1. Botany Bay (A Narrative of the Expedition to Botany Bay).— The reports brought home by Captain Cook
completely changed the beliefs current in those days with regard to Australia.
From the time of Dampier it had been supposed that the whole of this continent
must be the same flat and miserable desert as the part he described. Cook’s
account, on the other hand, represented the eastern coast as a country full of
beauty and promise. Now, it so happened that, shortly after Cook’s return, the
English nation had to deal with a great difficulty in regard to its criminal population.
In 1776 the United States declared their independence, and the English then
found they could no longer send their convicts over to Virginia, as they had
formerly done.

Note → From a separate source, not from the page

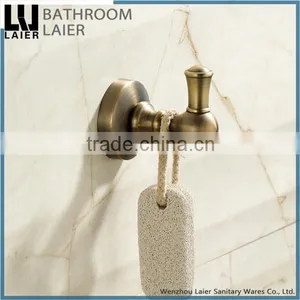 Simple Modern Kitchen Zinc Alloy Antique Bronze Finishing Bathroom Sanitary Items Wall Mounted Double Robe Hook thumbnail-1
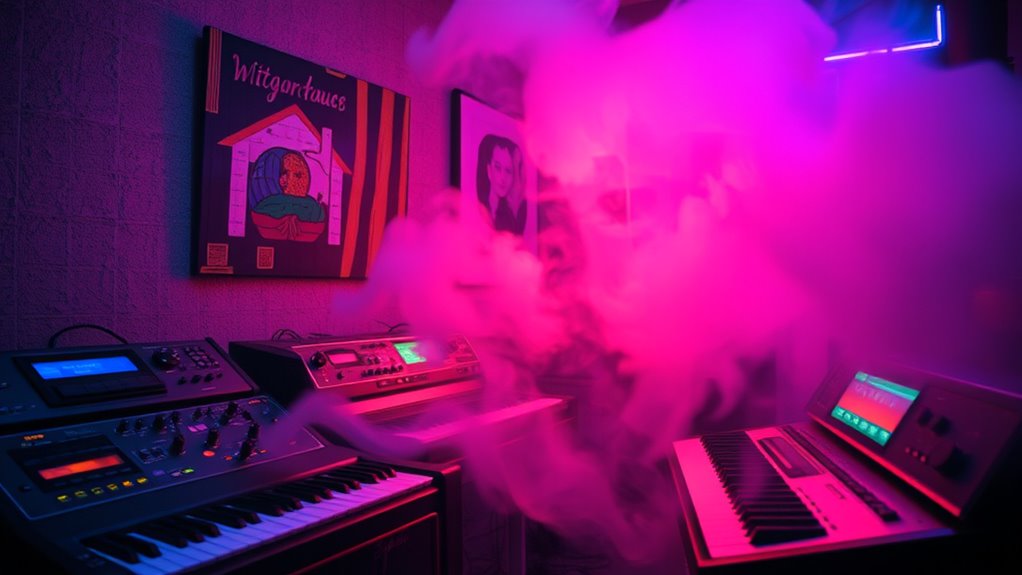 ethereal synth bass rhythms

In a short time the gaols of England were crowded with felons.
It became necessary to select a new place of transportation; and, just as this
difficulty arose, Captain Cook’s voyages called attention to a land in every
way suited for such a purpose, both by reason of its fertility and of its great
distance. Viscount Sydney, therefore, determined to send out a party to Botany
Bay, in order to found a convict settlement there; and in May, 1787, a fleet
was ready to sail. It consisted of the Sirius war-ship, its tender the Supply,
together with six transports for the convicts, and three ships for carrying the
stores. Of the convicts, five hundred and fifty were men and two hundred and
twenty were women. To guard these, there were on board two hundred soldiers.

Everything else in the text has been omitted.